Bridget Canning is a Canadian writer from Newfoundland and Labrador. Her first novel, The Greatest Hits of Wanda Jaynes (2017), was adapted into film in 2021. Her second novel, Some People's Children, was a contender for the 2021 N.L. Reads competition.

==Biography==
Canning grew up in Highlands, Newfoundland and Labrador, and is based in St. John's.

Canning's first novel, The Greatest Hits of Wanda Jaynes (2017), follows a woman struggling with personal issues and problems with her career, with the story taking a dark turn when a shooter opens fire at a grocery store the protagonist is shopping at. Canning described her inspiration for the book as wanting to write about topics which invoke fear in her. The book was adapted into film by Marina Cordoni Entertainment and Rink Rat Productions in 2021.

Canning released her next book, What's Written in the Ladies, in 2018. The book is a collection of photographs of writing on the interior walls of stalls in public bathrooms, with some of the photographs accompanied by a short story using the photograph as a writing prompt.

Canning's second novel, Some People's Children, follows a teenaged girl growing up in rural Newfoundland. The book was well received by critics who praised its robust plot and Canning's smooth prose. The book was a contender for the 2021 N.L. Reads competition.

In 2022, Canning released her book No One Knows about Us, a collection of 16 short stories taking place in St. John's. The book explores themes of loneliness and substance abuse, with many of the characters portrayed as flawed and unlikeable.
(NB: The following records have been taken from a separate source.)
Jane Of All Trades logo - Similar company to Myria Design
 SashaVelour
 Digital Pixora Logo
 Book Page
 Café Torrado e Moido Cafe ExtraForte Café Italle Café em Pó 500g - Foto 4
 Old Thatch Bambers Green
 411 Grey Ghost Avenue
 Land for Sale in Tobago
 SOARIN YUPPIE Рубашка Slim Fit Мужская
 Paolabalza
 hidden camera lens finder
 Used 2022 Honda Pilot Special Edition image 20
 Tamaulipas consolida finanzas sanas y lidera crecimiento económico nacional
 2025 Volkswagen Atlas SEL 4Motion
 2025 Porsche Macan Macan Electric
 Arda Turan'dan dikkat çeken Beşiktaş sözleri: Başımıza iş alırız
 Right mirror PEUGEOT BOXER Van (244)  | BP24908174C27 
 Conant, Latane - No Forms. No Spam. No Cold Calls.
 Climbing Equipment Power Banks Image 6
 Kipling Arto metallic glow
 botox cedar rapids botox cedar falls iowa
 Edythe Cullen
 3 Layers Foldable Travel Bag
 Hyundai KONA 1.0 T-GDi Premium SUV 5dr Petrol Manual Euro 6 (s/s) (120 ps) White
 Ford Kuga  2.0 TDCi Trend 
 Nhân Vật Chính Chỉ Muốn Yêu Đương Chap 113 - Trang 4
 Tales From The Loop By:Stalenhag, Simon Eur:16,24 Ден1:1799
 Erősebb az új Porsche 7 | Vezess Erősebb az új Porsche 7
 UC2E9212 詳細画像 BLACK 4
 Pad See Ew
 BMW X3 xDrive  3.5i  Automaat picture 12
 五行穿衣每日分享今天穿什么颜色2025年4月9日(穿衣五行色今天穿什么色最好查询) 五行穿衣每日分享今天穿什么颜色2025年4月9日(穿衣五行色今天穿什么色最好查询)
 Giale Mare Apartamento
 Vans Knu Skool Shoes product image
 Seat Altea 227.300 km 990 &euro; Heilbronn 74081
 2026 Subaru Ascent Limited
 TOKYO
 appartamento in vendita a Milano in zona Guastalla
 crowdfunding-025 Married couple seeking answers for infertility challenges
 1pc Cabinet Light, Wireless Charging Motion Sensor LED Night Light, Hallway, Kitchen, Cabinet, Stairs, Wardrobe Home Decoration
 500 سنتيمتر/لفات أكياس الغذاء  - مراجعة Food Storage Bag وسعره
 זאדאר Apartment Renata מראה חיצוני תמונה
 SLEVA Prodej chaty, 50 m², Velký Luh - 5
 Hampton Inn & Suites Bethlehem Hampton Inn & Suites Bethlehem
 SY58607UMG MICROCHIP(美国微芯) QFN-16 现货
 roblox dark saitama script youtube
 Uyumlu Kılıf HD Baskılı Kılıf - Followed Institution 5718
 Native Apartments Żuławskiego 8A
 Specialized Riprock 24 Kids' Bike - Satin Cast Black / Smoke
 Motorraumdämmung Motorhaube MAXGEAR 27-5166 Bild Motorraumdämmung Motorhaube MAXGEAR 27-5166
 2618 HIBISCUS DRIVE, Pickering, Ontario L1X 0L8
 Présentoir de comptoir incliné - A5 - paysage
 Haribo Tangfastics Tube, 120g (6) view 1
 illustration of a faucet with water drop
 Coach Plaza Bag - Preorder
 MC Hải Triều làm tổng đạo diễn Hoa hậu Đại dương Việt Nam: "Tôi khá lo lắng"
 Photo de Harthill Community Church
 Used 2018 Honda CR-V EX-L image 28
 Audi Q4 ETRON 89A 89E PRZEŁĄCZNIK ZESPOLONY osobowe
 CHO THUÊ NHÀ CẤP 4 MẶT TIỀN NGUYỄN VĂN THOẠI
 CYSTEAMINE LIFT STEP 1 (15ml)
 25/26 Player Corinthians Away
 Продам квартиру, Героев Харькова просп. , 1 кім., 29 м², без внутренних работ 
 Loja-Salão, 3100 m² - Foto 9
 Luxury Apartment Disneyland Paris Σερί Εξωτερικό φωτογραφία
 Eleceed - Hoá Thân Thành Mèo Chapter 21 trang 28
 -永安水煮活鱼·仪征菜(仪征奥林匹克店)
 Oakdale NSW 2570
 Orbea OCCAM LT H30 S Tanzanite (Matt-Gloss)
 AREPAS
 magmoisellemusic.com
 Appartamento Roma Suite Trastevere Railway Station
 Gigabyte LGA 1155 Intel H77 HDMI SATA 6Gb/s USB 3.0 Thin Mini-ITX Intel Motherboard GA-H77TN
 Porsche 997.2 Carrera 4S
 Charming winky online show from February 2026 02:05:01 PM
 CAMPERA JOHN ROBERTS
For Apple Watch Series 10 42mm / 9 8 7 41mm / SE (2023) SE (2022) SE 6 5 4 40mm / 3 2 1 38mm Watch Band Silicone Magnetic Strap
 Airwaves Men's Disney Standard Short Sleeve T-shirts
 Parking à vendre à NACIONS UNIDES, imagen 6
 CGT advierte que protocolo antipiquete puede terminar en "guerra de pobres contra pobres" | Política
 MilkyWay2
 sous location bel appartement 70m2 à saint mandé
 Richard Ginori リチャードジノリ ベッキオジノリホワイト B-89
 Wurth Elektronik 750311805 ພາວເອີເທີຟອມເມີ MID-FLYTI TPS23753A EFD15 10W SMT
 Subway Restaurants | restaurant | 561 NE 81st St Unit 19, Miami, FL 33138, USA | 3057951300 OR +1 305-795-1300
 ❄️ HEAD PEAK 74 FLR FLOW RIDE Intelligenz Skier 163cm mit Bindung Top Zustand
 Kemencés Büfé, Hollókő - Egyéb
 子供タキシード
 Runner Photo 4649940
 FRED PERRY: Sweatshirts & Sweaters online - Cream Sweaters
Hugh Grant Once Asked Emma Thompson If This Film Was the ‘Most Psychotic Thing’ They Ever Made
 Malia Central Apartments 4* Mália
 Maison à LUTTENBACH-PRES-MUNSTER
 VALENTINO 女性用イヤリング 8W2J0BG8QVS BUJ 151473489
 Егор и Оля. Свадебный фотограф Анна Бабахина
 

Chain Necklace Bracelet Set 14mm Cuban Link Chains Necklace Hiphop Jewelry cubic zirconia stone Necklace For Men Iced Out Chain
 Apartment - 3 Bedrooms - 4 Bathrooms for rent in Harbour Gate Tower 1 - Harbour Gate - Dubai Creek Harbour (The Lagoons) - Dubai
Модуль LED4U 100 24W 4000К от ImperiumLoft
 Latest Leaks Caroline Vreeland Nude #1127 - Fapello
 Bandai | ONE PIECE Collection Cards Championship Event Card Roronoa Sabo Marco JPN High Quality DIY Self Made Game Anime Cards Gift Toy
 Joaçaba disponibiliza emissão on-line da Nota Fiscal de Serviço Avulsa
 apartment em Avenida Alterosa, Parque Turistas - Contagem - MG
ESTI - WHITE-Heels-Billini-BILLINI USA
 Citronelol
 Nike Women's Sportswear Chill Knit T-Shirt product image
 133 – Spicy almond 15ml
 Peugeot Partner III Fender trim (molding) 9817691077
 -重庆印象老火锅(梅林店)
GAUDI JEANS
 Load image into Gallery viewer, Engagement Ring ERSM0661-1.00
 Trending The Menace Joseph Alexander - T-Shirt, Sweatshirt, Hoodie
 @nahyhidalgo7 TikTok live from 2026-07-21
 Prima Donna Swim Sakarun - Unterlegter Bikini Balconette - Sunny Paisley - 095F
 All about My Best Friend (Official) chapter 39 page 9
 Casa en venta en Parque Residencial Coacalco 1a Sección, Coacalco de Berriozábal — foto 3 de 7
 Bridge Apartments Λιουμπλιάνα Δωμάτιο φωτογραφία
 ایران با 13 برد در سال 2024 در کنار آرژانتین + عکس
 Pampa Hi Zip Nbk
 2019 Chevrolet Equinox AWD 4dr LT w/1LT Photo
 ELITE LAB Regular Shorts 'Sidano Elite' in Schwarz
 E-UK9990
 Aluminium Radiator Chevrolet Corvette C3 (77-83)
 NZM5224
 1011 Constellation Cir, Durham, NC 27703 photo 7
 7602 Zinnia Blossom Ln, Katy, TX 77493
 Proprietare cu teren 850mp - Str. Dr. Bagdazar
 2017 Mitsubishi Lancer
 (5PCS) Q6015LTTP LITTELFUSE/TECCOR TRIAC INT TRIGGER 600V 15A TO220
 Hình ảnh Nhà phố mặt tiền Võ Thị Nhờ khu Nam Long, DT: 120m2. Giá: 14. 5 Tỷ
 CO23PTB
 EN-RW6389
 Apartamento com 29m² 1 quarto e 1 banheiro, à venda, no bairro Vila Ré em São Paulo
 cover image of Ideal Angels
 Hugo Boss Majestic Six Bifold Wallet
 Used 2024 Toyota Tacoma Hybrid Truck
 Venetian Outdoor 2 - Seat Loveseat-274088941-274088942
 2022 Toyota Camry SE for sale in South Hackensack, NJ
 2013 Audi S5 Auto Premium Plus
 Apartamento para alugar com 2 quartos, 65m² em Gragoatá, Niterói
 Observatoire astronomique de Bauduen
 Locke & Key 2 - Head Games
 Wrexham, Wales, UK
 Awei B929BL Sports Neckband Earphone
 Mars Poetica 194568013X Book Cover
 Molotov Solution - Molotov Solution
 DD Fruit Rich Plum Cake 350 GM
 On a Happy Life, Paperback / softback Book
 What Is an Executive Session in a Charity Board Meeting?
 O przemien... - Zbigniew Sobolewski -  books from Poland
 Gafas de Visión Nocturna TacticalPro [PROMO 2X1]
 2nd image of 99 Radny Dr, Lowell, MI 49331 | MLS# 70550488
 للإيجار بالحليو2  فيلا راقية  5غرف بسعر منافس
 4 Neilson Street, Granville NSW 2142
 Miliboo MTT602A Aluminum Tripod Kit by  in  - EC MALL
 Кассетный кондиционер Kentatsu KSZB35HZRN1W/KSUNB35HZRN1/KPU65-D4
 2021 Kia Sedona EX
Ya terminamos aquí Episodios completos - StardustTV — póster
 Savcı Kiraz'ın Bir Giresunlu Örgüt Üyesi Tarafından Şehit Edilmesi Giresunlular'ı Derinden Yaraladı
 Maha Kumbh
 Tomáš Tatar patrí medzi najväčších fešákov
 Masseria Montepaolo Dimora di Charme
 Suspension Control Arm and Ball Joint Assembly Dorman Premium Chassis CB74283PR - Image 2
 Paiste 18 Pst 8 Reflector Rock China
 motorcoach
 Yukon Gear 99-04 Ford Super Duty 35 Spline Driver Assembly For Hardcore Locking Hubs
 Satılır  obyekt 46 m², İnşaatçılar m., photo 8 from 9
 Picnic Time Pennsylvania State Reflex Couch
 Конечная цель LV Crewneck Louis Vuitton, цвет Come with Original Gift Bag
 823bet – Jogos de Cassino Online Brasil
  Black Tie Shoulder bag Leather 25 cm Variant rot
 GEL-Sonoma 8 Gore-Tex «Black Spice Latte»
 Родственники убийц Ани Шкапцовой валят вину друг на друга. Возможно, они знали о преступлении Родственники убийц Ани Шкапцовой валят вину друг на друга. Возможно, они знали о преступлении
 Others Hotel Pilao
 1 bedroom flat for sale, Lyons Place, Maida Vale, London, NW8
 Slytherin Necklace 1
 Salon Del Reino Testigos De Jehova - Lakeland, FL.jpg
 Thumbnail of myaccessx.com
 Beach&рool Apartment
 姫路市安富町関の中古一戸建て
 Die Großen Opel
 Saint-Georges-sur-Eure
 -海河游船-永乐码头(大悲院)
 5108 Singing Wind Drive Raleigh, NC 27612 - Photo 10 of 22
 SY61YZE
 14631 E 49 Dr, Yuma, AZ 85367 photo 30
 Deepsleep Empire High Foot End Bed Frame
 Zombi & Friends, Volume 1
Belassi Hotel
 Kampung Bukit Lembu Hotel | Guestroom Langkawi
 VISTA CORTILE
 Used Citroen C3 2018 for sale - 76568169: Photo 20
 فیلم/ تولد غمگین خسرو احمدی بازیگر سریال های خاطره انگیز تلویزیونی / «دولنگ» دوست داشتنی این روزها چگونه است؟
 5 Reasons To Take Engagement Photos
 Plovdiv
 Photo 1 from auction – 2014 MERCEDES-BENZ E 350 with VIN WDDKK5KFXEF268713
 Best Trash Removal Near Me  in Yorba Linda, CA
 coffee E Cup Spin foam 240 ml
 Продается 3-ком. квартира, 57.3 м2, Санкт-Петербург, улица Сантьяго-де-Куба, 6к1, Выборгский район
The final story in the book, Mindfull, is referred to as a novella and takes place in Toronto. The book was praised for its engaging and provocative plots. Her next book, Taking Down Names, is scheduled for a June 2026 release.

==Publications==
===Books===
- Canning, Bridget (2017). "The Greatest Hits of Wanda Jaynes"
- Canning, Bridget (2018). "What's Written in the Ladies"
- Canning, Bridget (2020). "Some People's Children"
- Canning, Bridget (2022). "No One Knows about Us"
- Canning, Bridget (2026). "Taking Down Names"

===Selected articles===

- Canning, Bridget (2017). "Writing Wanda Jaynes"
- Canning, Bridget (2018). "Newfoundland and Labrador Considers How to Maintain its Romance"
- Canning, Bridget (2020). "The ArtsNL Awards are 35 years old. We're toasting our artists ... from a safe distance"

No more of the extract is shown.